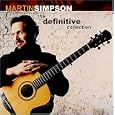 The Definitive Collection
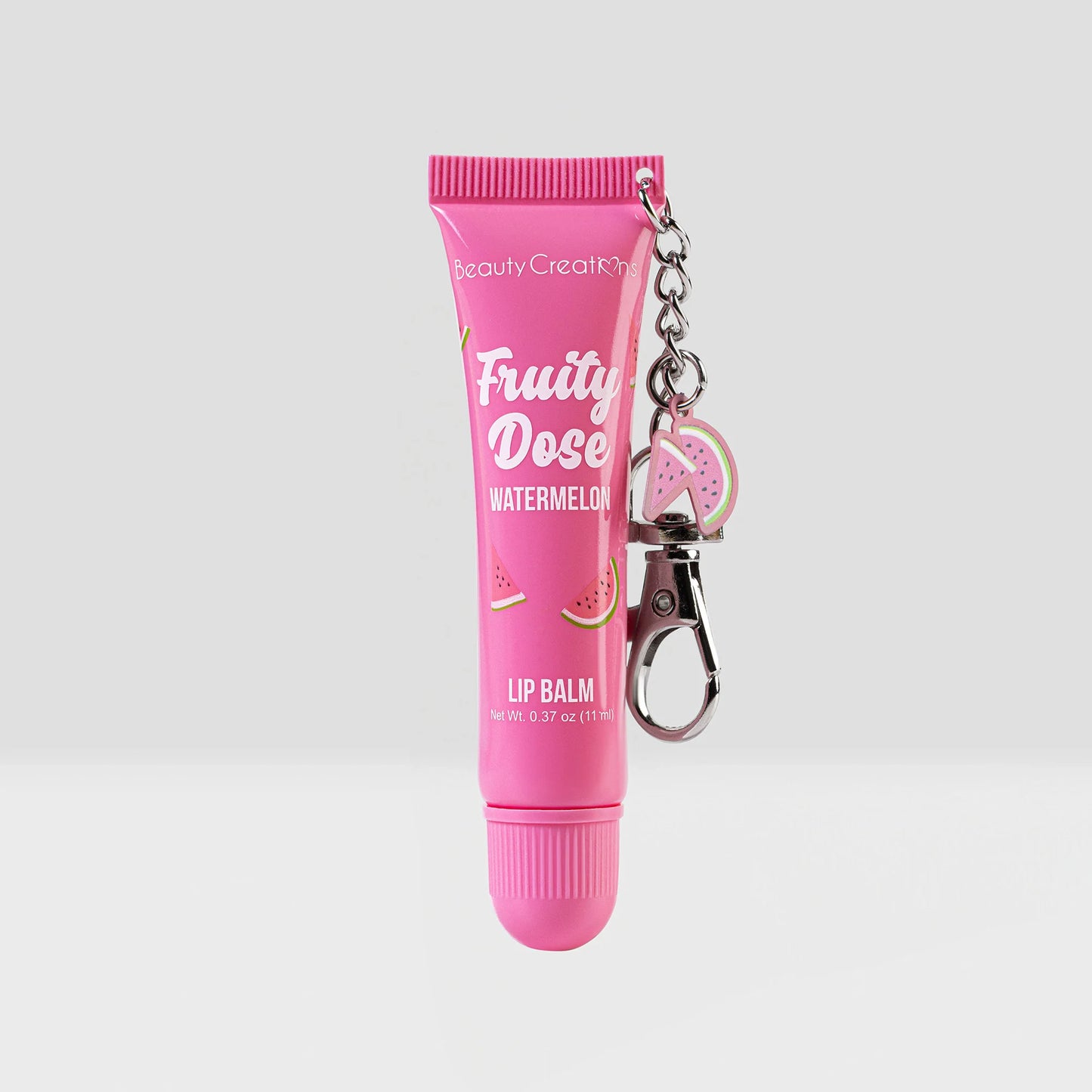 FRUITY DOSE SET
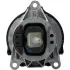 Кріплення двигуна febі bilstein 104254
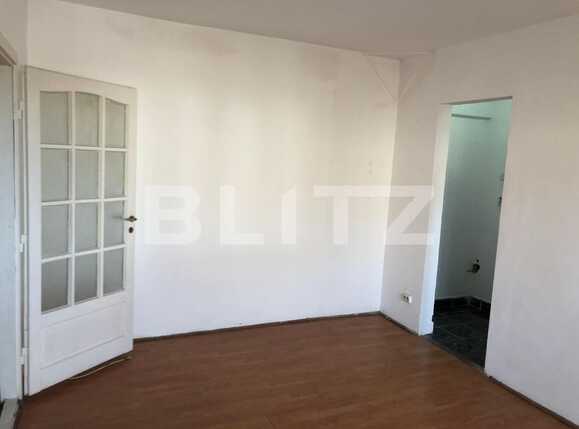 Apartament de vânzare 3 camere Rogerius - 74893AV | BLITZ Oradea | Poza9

---*---

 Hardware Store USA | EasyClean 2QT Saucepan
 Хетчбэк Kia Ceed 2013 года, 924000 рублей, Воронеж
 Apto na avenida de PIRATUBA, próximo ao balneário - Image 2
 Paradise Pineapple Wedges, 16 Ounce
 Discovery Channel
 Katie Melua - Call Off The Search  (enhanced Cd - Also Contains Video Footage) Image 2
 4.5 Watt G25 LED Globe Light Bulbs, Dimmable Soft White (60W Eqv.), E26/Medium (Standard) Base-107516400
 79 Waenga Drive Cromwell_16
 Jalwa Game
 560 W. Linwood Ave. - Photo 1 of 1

---*---

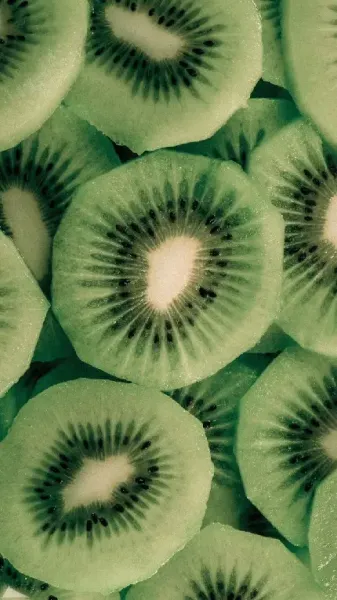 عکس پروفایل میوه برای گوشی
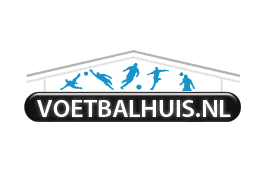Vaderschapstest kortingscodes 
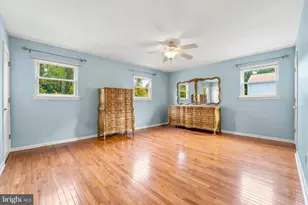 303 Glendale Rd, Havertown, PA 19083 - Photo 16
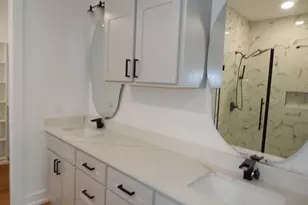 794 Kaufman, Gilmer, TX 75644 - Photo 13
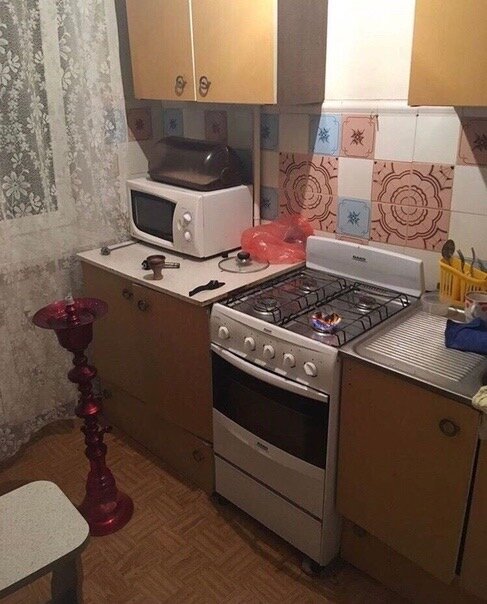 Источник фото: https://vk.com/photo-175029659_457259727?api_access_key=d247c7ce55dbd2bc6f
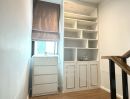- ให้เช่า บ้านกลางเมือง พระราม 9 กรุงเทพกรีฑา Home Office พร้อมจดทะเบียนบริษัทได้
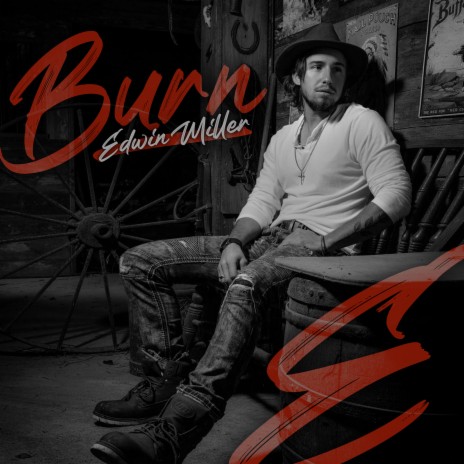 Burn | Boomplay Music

---*---

Exercise details.
Give back exactly the lines above from the one with "The Definitive Collection" through the one with "Apartament de vânzare", both included. Pictures don't belong in the copy.

Result of this task.
 The Definitive Collection
 FRUITY DOSE SET
 Кріплення двигуна febі bilstein 104254
 Apartament de vânzare 3 camere Rogerius - 74893AV | BLITZ Oradea | Poza9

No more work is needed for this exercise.